Para Walser el paisaje es motivo para ensoñar y representar el mundo de otra manera. La naturaleza y sus elementos pueden percibirse con características humanizadas: los ríos ríen, los vientos cantan, los lagos lloran. El paseo es una forma de vivir, es el estímulo necesario que le permite al autor meditar y pensar, sentir y crear. Así Walser, en El paseo, cansado del sombrío “cuarto de los escritos o de los espíritus” sale a deambular libremente por la calle. Al caminar deja atrás el dolor y la amargura. Apura su andar, ya que no puede desperdiciar ni el espacio ni el tiempo para disfrutar de la hermosa mañana. El mundo matinal que se presenta ante sus ojos le parece tan bello como si lo viera por primera vez.

El paseante se complace en observar a la gente, a la ciudad, a la naturaleza. Lo ínfimo y lo sencillo son de vital importancia: alaba los perros que se refrescan y corretean en las fuentes, las golondrinas que cruzan el cielo azul, los sombreros de paja que usan las mujeres en el verano, los niños que juegan libremente. Para Walser lo banal se constituye en el verdadero bálsamo de la existencia; el vagabundeo es una referencia fundamental a la hora de crear.

El viajero transformado en flâneur. Se detiene, admira, critica lo que se va encontrando a su paso. Robert Walser es también un explorador de la muchedumbre; su curiosidad, como espectador, percibe a los transeúntes como actores de un gran escenario; su libertad como paseante es una mezcla entre guionista y director.
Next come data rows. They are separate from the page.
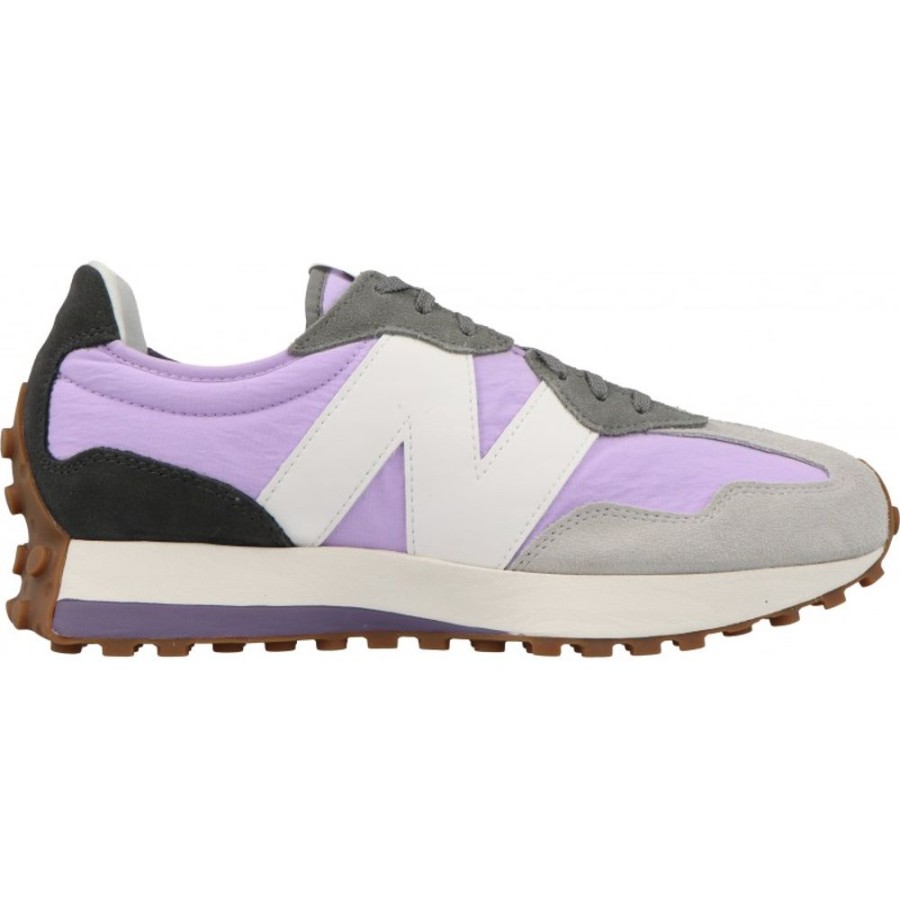 Femme New balance | New Balance - Ws327Ta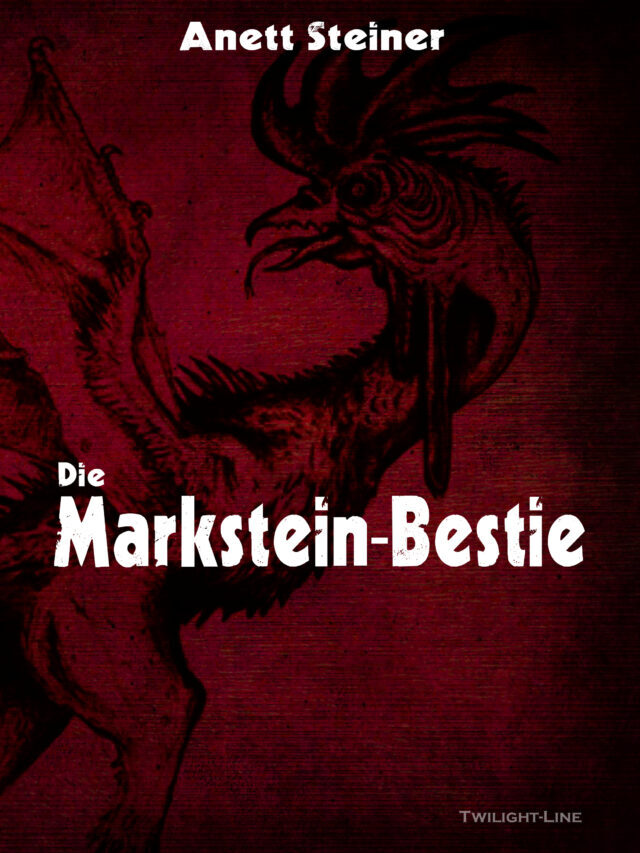 Die Markstein-Bestie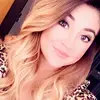 Connie Payne - @connie_lou11 - TikTok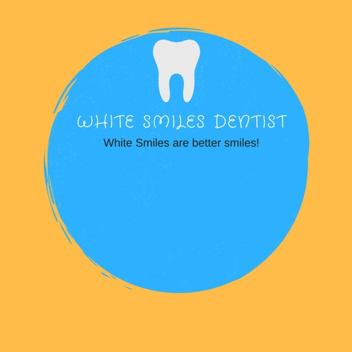 White Smiles Dentist V1.00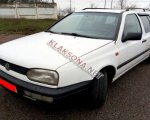 продам Volkswagen Golf в пмр  фото 2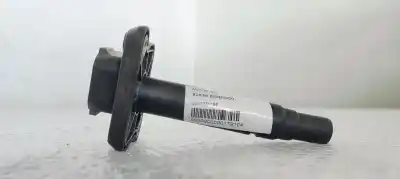 Second-hand car spare part Ignition Coil for AUDI A3 (8L) 8L OEM IAM references 06B905115E  
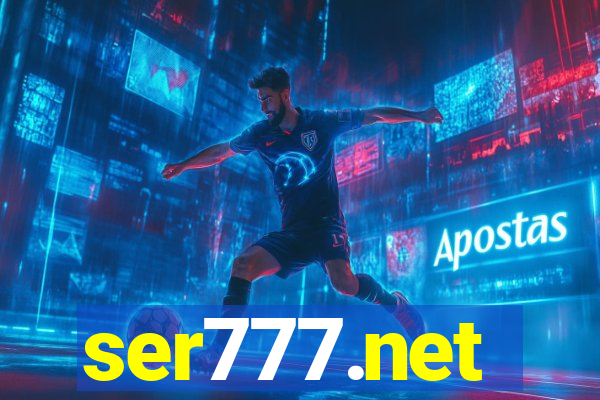 ser777.net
Para el flâneur “el gozo de mirar triunfa” —al decir de Walter Benjamin, no se limita a ser un escueto mirón: es una especie de “detective amateur” que deambula por las calles, escrutando todo lo que ve; cualquier objeto, persona o animal son relevantes para descubrir y comprender el entorno. La ciudad se convierte entonces en un paisaje digno de ser disfrutado; es posible habitarla como si de un espacio interior se tratara, como el de la casa, por ejemplo.

De acuerdo con Walser, “todo el que sufre se vuelve observador”. El estatus de marginalidad suele propiciar la contemplación. Recorrer las calles sin rumbo fijo, apasionarse por los mínimos detalles, sentir curiosidad por las cosas efímeras; todo propicia la actitud errabunda y la observación acuciosa del flâneur. El paseo se asemeja a una fiesta de los sentidos, un tipo de ritual en el que no sólo se tiene en cuenta la expectación producida al observar el entorno, sino también el reposo confiado de lo primigenio, ya que como el mismo Walser afirma: “es divinamente hermoso y bueno, sencillo y antiquísimo, ir a pie”.